Adriano Arrigo
No último 27 de Agosto, o Sesc Bauru abriu suas portas para receber a exposição Arte à Primeira Vista: que linha é essa?. Essa exposição com curadoria de Renata Sant´anna e Valquíria Prates faz parte do programa Arte à Primeira Vista que como objetivo a aproximação da arte contemporânea com as crianças através de um ambiente lúdico e informativo.
Porém, até os olhares menos atentos notarão que a exposição não é feita somente para os pequenos. Nela há ricos materiais a serem explorados, além de estar expostas peças únicas de seis grandes nomes da arte contemporânea brasileira, a saber: Lygia Clark, Manoel de Barros, Mira Schendel, Leonilson, Franz Krajberg e Regina Silveira.
A viagem pelas obras desses artistas já se inicia pelo lado de fora. O revestimento da exposição conta com ricos detalhes em madeira cuidadosamente aludindo uma tipografia exclusivamente criada para a amostra, além de algumas frases dos artistas que compõem a amostra. A tipografia da exposição merece destaque pois remete aos principais elementos que compõem o mais primitivo dos desenhos: pontos e linhas. Esse cuidado na montagem do ambiente não o torna somente mais agradável, mas também serve como um mapa de detalhes à se descobrir.
A entrada lateral da exposição já conta com uma das mais famosas obras que a exposição possui. Trata-se de Rede de Elástico da Lygia Clark. Elaborado na fase denominada Objetos Relacionais (1976-1981), a obra sensorial de Lygia foi concebida como objeto terapêutico que intenta estreitar as ligações com o eu interior tanto da artista quanto o eu de quem está a interagir com a obra. Na exposição, a obra se comporta com uma cortina interativa, já que é impossível passar por ela despercebido.
Por dentro, a exposição conta com seis móbiles de madeiras vazados nos quais é possível imergir no universo de cada artista e interagir com as propostas apresentadas. A interação vai desde uma enorme tábua acrílica pronta para ser costurada (obra de Regina Silveira) até a possibilidade de criação de fotomontagens a partir das fotos de Manoel de Barros.
Em destaque, há o móbile de Lygia Clark. Nele, está disponível para montagem uma pequena réplica em papel de uma das esculturas da série Bichos (1960) (também presente na exposição).

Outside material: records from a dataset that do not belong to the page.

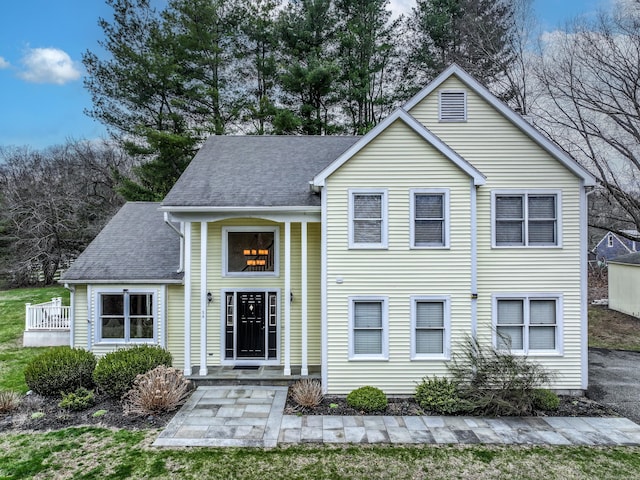 5A Big Buck Ln, Brookfield, CT 06804 - view of front of house featuring roof with shingles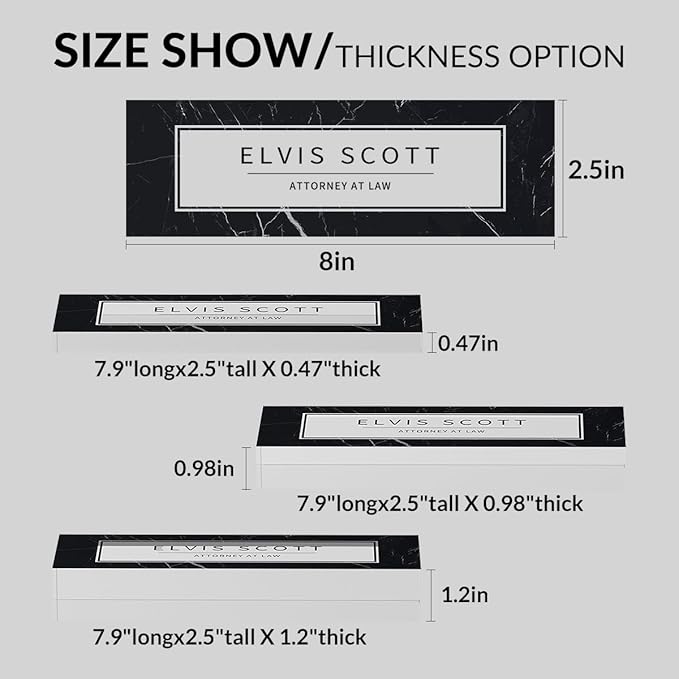 Personalized Custom Name Plates on Acrylic Glass, Office Desk Decor, Personalized Office Gift for Boss Coworkers (Watercolor Flowers)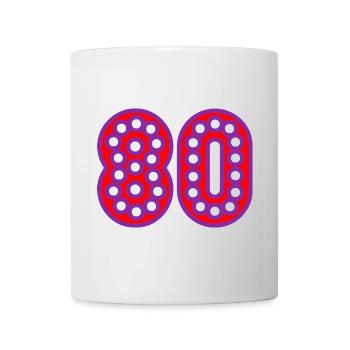 80. 80 YEARS. 80th ANNIVERSARY. 80 YEARS ANNIVERSARY. - Mug - white - Front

Esse conjunto de peças metálicas e tridimensionais são um contraponto de sua fase anterior, predominantemente bidimensional. A partir da inserção de dobradiças em chapas de metal, Lygia faz com que suas obras ganhem vida, se mexem e se moldem, de acordo com a vontade do público.
Já obra de Mira Schendel está exposta em pequenos quadros que podem ser confundidos com poesia concreta. São experimentações usando das possibilidades de formas que os diversos detalhes de uma tipografia pode produzir. Para isso, Schendel usa espaços vazios e frequentemente a monotipia, técnica que produz apenas uma cópia da obra. Além desses quadros, há o seu móbile que permite que os visitantes façam experimentações em uma espécie de cortina de letras, prezando a estética da forma e não necessariamente a semântica das palavras.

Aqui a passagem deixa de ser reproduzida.